In London, the Jamaican-born Dan Kildare (1879-1920) led a banjo group under the name of the Clef Club Orchestra, which had a residency at Ciro’s in the West End. As a bow to the lingering presence of minstrel vocabulary in popular consciousness, the band, one of the earliest Black string bands, whose recordings can still be found, was renamed Ciro’s Club Coon Orchestra and proved a successful draw with several remarkable musicians. One such, the drummer Louis Mitchell, known for his technical skill and charisma, later took his own group, the Syncopating Sextette, to Glasgow.
Dan Kildare was in London between 1915-1920. When the Ciro club was shut down for selling liquor without a licence, Kildare performed in a duo with a drummer called Harvey White. He married a pub-owner called Mrs Fitch, but then succumbed to drug addiction and alcoholism. His life in Britain ended tragically when he murdered his wife and her sister and then shot himself. 2
Ensembles like Kildare’s can be seen as part of a wider trend of African-Americans experimenting with instrumentation and personnel, as strings, horns and percussion were all used by black bandleaders. Another inventive combo that visited Britain was Joe Jordan’s Syncopated Orchestra. A brilliant arranger and composer, who had worked with James Reese Europe in New York and in minstrel shows in theatres all over America, Jordan (1882-1971) made his earliest appearances in the UK in 1905, and in the years that followed he returned many times. In 1915 he led his Syncopated Orchestra for the revue, Push And Go at London’s Hippodrome, bringing together singers, dancers and musicians. The ensemble included piano, banjo, cornet, trombone and drums, a bold choice of instrumentation that yielded rich timbres from upper to lower register. In other ensembles Jordan had used saxophones, trumpet, guitar and mandolin, evidence of his willingness to stretch his textural palette.

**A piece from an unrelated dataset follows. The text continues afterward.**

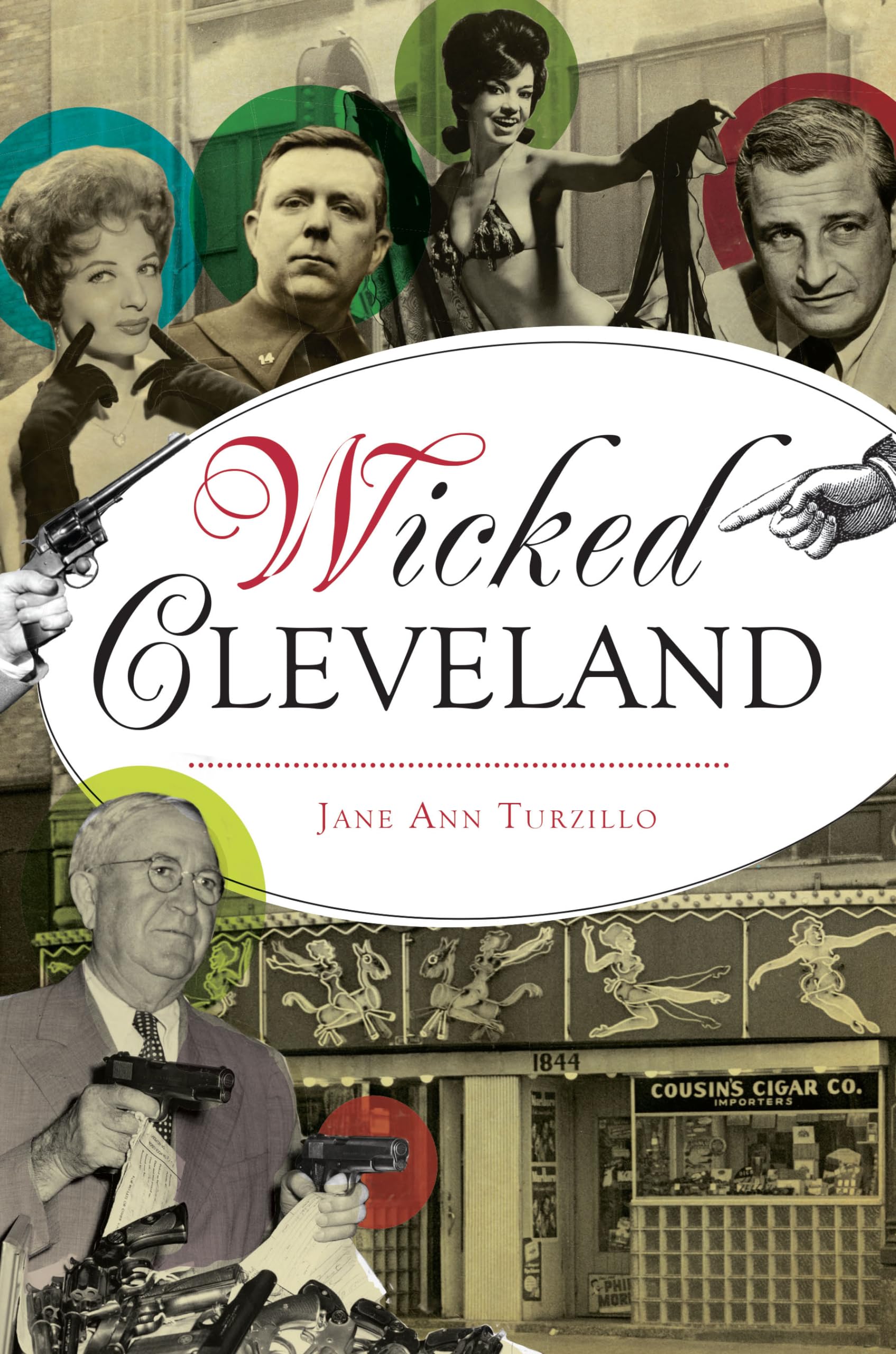 Wicked Cleveland T-Shirt - Vintage Style Graphic Tee for Men & Women | Casual Wear, Street Fashion, Gift Idea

Following the London engagement, the Syncopated Orchestra embarked upon a tour of the regional network of grand Empire theatres before some of its members returned to America and others, pianist W.H. Dorsey and drummer Hughes Pollard settled in Britain. Jordan began working with the Clef Club drummer Louis Mitchell as “the Comedy Entertainers & Syncopators”. The return in 1919 of Will Marion Cook further expanded the African American London fraternity. Cook was already known to London audiences from the success he had enjoyed with the show, In Dahomey, in 1903. Joe Jordan had been both the assistant director and business manager of the New York Syncopated Orchestra Cook formed in 1918. 3
Perhaps the most influential of the visitors was the Southern Syncopated Orchestra, what the New York Syncopated Orchestra became (via being the American Syncopated Orchestra). In their earliest days the ensemble was booked for a six-month residency at the Philharmonic Hall in Great Portland Street, central London, playing two shows a day. They had a revolving door in terms of membership. The departures and arrivals of singers, players and dancers were sufficiently frequent to make it possible for audiences to see and hear new approaches. With soloists and vocalists who were set to become stars in their own right, the Orchestra became a prototype of the ensemble-as-institution that would nurture and launch new talent and develop new performance ideas.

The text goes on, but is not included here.